=== Exercise requirements ===
Restate the following data in its entirety, word for word and without images.

=== Input data ===
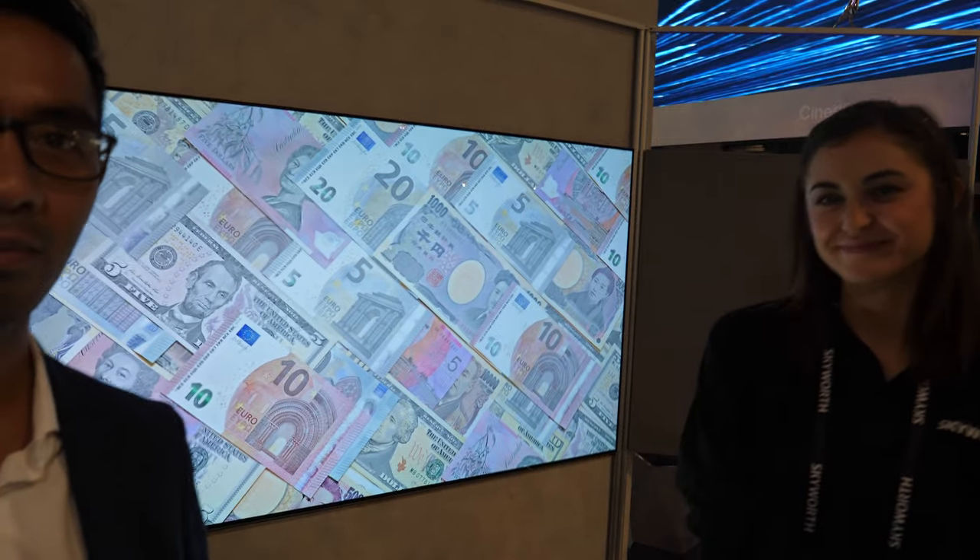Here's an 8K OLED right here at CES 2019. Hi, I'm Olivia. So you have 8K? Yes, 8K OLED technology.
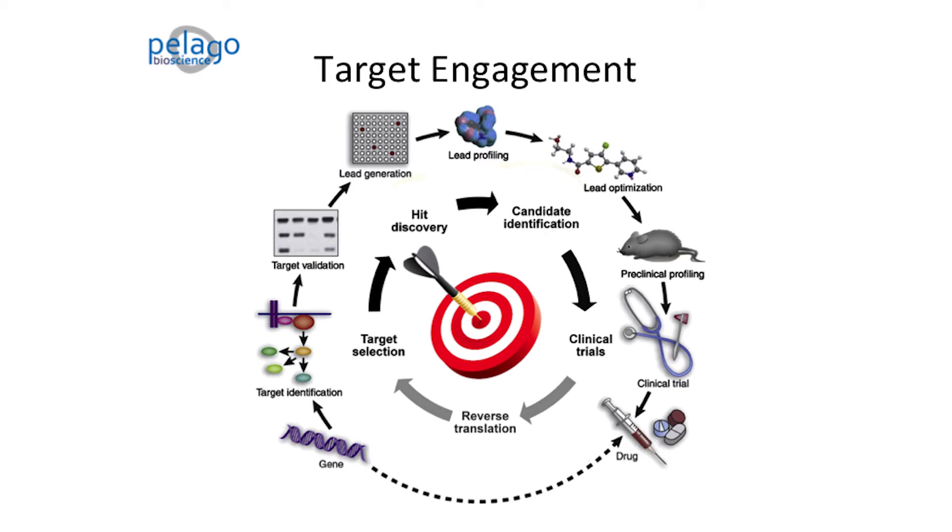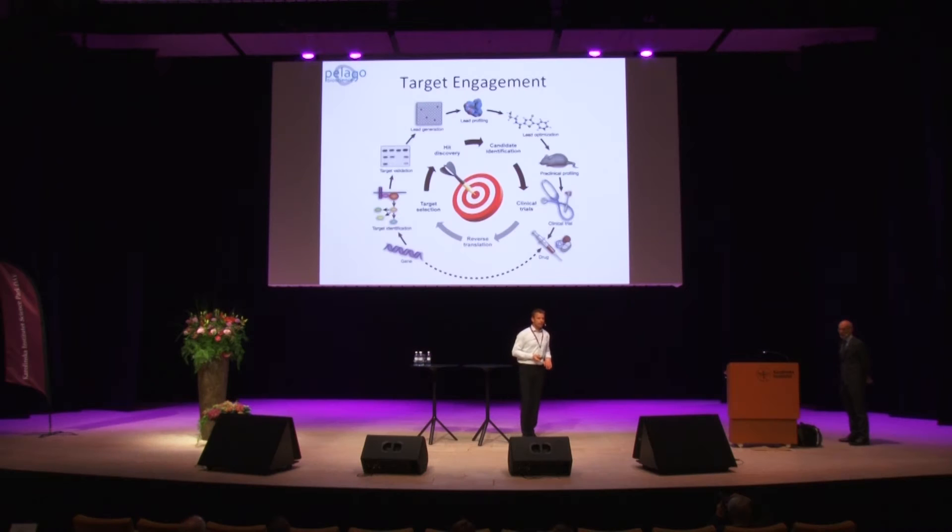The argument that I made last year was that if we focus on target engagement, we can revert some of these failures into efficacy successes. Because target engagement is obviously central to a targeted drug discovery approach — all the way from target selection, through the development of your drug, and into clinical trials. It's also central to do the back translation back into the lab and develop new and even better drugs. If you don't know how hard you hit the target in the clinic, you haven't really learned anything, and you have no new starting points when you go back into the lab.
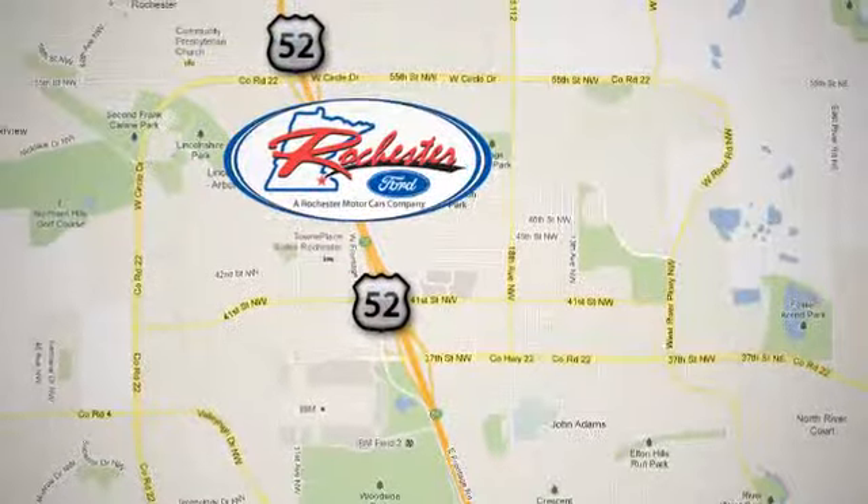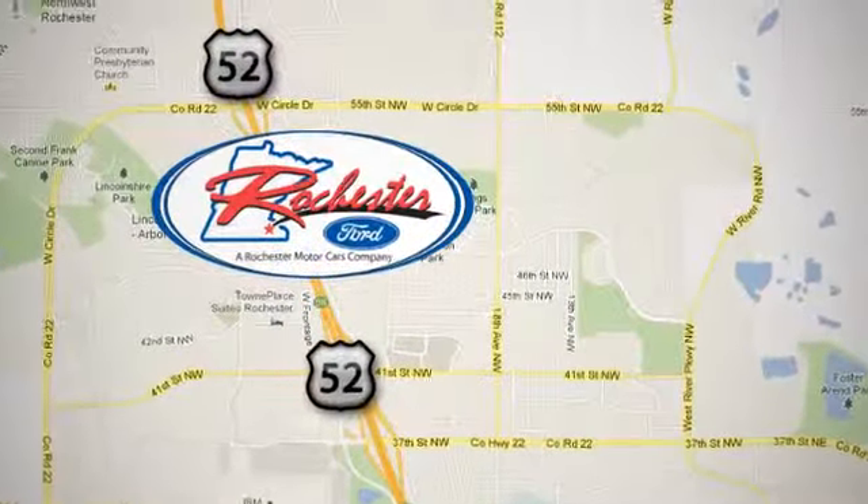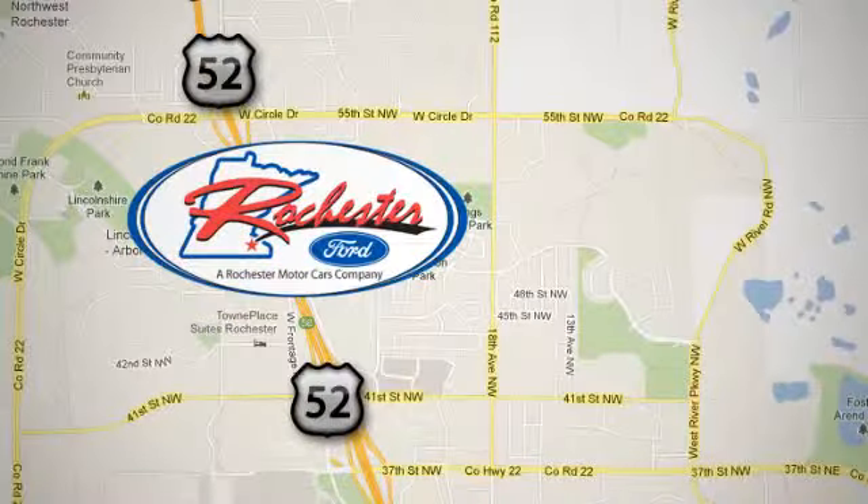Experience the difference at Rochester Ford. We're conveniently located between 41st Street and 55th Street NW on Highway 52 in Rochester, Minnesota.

=== Task solution ===
Here's an 8K OLED right here at CES 2019. Hi, I'm Olivia. So you have 8K? Yes, 8K OLED technology.
The argument that I made last year was that if we focus on target engagement, we can revert some of these failures into efficacy successes. Because target engagement is obviously central to a targeted drug discovery approach — all the way from target selection, through the development of your drug, and into clinical trials. It's also central to do the back translation back into the lab and develop new and even better drugs. If you don't know how hard you hit the target in the clinic, you haven't really learned anything, and you have no new starting points when you go back into the lab.
Experience the difference at Rochester Ford. We're conveniently located between 41st Street and 55th Street NW on Highway 52 in Rochester, Minnesota.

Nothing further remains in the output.